- _Task requirements_
For this exercise, return exactly the lines of the material below that begin at the one with "A hand dipping" and stop after the one with "Рокля в сиво".

- _Material supplied_
=== Begin Enclosure ===

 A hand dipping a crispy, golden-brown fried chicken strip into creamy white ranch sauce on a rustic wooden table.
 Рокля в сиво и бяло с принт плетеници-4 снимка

=== End Enclosure ===
=== Begin Enclosure ===

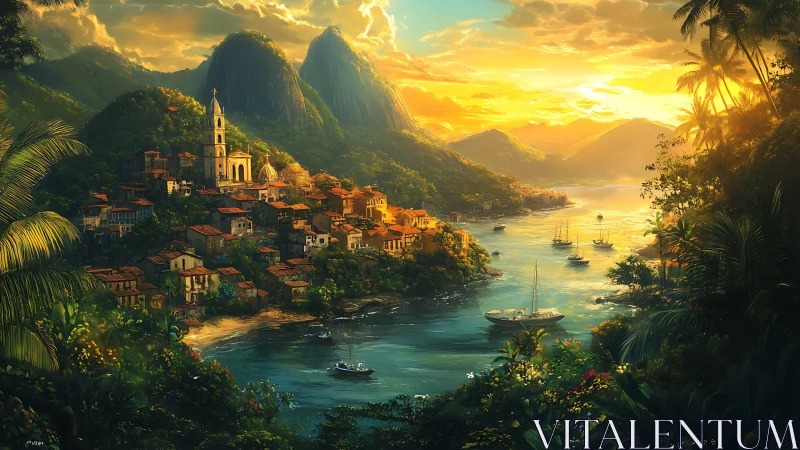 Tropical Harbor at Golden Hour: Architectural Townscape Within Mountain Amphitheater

=== End Enclosure ===

- _Answer to the exercise_
 A hand dipping a crispy, golden-brown fried chicken strip into creamy white ranch sauce on a rustic wooden table.
 Рокля в сиво и бяло с принт плетеници-4 снимка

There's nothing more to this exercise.